Madam Speaker, when I listen to my colleague opposite, he sounds just like the members beside us. We hear the most interesting things.
They talk about the fight to bring down the deficit. I will tell you how to go about ruining the social fabric. When all is said and done, yes, I agree that the deficit must be eliminated. Deficits are a drain on future generations. But it is all in how you go about it.
I have a question for my colleague across the way: How is it that our economy is doing so well right now? The indicators show that we are in a period of full economic growth. Businesses have been making record profits for a few years now. How is it that, with business doing so well, poverty is on the rise?
They wanted to reduce the deficit. The federal government has taken the easy way out and cut transfer payments. The provinces are then obliged to make cuts in the social fabric: health, education. Right now, there is unprecedented poverty. The worst is that it is a trend, and that is what worries me. While the economic indicators certainly look very good, it is a bit like Canada Dry: it looks like champagne, but it does not taste like it at all.

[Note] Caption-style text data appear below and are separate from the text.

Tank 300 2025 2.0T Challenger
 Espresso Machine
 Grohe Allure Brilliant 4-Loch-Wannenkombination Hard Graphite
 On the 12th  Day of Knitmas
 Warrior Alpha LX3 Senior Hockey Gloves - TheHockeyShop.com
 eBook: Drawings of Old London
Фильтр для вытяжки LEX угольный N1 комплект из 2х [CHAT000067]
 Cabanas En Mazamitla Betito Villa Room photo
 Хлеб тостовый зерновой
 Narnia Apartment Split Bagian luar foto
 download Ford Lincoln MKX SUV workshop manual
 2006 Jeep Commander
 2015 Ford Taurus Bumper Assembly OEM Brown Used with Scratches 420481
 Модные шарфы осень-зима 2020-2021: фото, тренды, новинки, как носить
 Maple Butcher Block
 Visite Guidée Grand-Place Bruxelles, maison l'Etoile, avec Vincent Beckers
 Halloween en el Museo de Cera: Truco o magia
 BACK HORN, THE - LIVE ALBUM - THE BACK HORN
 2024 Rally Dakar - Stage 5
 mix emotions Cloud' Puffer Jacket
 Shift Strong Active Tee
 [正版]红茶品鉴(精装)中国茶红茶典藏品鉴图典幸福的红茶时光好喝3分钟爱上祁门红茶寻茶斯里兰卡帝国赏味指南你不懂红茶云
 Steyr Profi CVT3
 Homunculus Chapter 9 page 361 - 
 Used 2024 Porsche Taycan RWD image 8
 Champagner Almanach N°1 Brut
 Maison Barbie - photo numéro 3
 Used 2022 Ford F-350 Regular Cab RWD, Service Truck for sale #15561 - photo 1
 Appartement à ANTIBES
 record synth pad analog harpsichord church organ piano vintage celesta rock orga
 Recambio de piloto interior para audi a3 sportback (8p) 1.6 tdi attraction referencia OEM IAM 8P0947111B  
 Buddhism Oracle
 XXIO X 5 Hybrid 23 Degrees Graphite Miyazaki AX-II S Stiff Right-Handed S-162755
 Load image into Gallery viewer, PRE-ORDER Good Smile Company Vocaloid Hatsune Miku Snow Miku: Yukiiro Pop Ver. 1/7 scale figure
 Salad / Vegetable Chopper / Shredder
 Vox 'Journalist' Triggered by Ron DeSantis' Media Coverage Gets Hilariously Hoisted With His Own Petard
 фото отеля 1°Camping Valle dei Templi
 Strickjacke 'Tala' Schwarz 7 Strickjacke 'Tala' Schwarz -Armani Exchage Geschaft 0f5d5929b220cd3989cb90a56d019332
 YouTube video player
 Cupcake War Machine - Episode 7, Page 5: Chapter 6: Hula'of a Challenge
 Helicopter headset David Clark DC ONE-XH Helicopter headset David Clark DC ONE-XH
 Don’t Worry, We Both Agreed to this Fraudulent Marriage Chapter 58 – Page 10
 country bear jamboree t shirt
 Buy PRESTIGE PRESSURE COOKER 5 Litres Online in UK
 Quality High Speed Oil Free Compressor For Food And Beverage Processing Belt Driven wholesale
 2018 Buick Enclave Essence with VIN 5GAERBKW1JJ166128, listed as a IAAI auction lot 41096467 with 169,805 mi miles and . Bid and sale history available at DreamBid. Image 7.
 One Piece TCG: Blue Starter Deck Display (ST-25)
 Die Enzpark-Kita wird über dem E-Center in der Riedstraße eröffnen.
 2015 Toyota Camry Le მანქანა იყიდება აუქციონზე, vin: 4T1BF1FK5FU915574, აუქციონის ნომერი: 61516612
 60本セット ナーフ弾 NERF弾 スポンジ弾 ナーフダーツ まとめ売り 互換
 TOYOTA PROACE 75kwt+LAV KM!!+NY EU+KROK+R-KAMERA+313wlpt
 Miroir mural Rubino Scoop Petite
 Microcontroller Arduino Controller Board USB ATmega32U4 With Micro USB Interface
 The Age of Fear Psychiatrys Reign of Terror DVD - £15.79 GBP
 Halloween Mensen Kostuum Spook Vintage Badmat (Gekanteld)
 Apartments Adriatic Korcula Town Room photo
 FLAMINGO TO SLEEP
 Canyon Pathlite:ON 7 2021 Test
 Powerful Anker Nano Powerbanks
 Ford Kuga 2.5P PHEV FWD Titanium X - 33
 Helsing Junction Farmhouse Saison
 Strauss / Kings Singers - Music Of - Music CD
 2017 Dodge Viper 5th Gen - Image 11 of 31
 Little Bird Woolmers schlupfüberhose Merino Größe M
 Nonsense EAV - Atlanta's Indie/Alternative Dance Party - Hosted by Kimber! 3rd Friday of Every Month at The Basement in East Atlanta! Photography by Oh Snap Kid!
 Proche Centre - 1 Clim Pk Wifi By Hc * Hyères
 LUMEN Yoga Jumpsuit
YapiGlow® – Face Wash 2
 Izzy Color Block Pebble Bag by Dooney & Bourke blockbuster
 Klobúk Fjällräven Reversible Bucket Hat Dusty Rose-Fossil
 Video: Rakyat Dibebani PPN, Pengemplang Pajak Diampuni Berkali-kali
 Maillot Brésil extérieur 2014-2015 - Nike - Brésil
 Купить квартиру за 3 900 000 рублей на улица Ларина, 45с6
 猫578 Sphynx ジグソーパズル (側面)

What worries me is that, instead of making cuts as the government has done or lowering taxes as others have done, we should be debating the issue, as the Bloc Quebecois suggested at one point. If we are in a period of economic growth, that means there is money, there is wealth being created.
If wealth is being generated, why are we not able to get at it? I am alluding to tax increases, to ways of getting the money where it is, namely in the pockets of the wealthiest.
So, why is it that major corporations can take advantage of tax avoidance schemes, tax havens and all these sorts of things? Governments turn a deaf ear, and I feel that, all too often, they are puppets of the corporate world and of the wealthy. The government does not care about young students getting into debt, or about the poor. What is more worrisome are the new types of poverty currently found in our society. All this leaves a very bitter taste; the champagne has turned to vinegar.
I put the question to the hon. member opposite: How does he explain the fact that there is an ever widening gap between the rich and the poor?